Quand la canne est parvenue à maturité et que la récolte commence, on ne coupe chaque jour que juste ce qu’il faut pour le travail du pressoir et de la raffinerie ; car le suc de la canne se gâte très-vite par la grande chaleur.

La canne subit une pression si forte entre deux cylindres mus par la vapeur, qu’elle en sort tout aplatie et complétement sèche ; elle peut ensuite servir comme combustible sous les chaudières.

Le suc coule successivement dans six chaudières, dont la première est la plus fortement chauffée ; sous chacune des suivantes la force du feu diminue. Dans la dernière chaudière, le sucre est déjà réduit à quarante-cinq pour cent ; il arrive ensuite sur de grandes tables de bois où on le laisse se refroidir pendant quatre à cinq heures.
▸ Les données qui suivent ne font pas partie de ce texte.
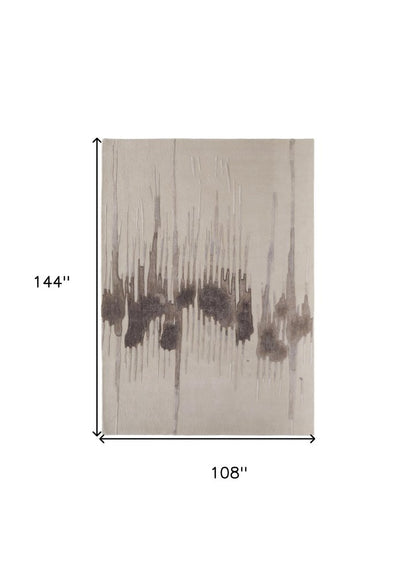 9' X 12' Ivory Taupe and Brown Abstract Hand Tufted Area Rug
La masse s’y change déjà en cristaux de la grosseur d’une tête d’épingle. Enfin, on verse ou plutôt on jette le sucre dans des vases en bois qui sont percés de petits trous pour laisser filtrer le sirop contenu dans le sucre.

Toute l’opération demande huit à dix jours. Avant d’emballer le sucre, on l’étale sur de grandes terrasses où on le laisse sécher quelques heures au soleil. On l’embarque en sacs de cent cinquante livres.
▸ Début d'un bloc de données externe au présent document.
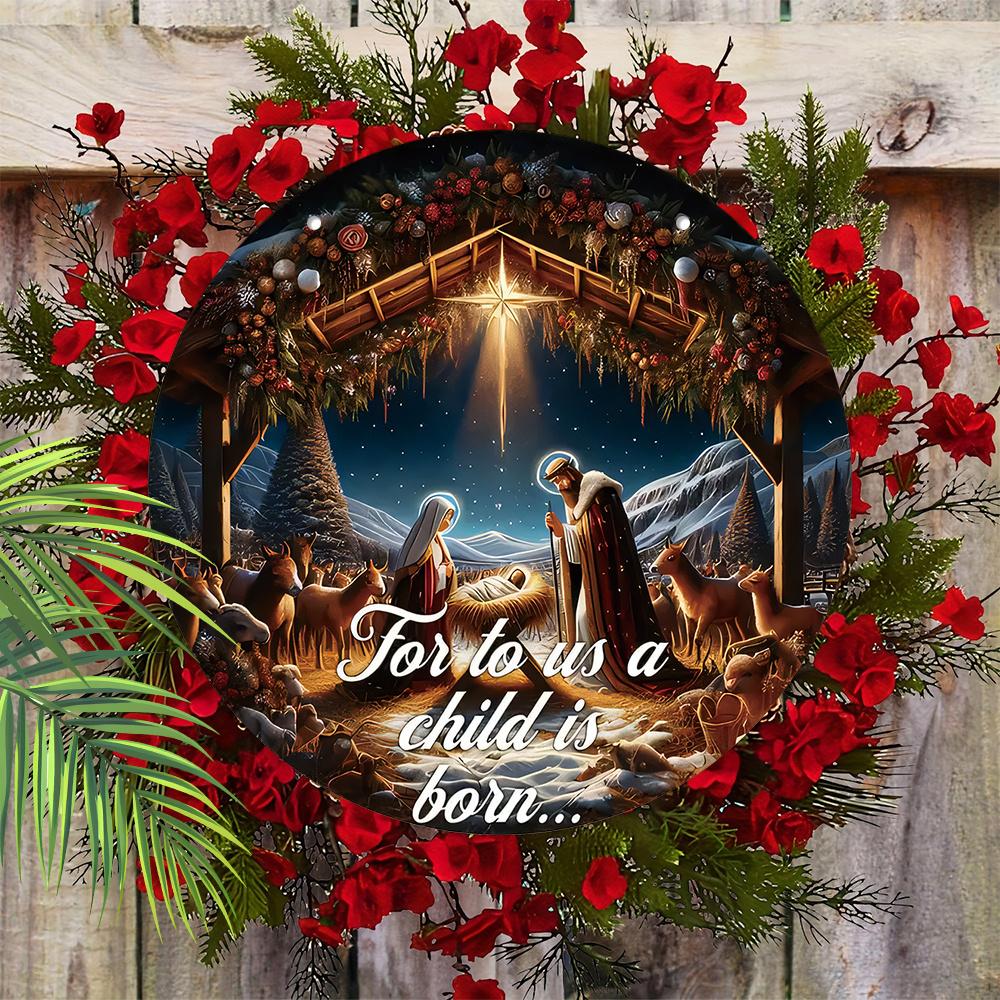 5 шт. Деревянная табличка с изображением духовного вертепа - идеально подходит для церковных дверей и стен | Идеальный христианский подарок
La plantation de cannes à sucre de M. Lambert contient deux mille acres de terre dont on n’exploite toujours, naturellement, qu’une partie. Il a six cents ouvriers ; occupés pendant sept mois dans les champs et pendant les cinq autres à la récolte et au raffinage. Dans une bonne année, c’est-à-dire quand il pleut beaucoup et que la saison des pluies commence de bonne heure et dure longtemps, M. Lambert retire de sa plantation trois millions de livres de sucre ; mais il est déjà très-content quand elle lui rapporte deux millions et demi. Cent livres de sucre se payent trois à quatre écus.

Le plus fort planteur à Maurice est aujourd’hui un certain M. Rochecoute, qui récolte tous les ans environ sept millions de livres.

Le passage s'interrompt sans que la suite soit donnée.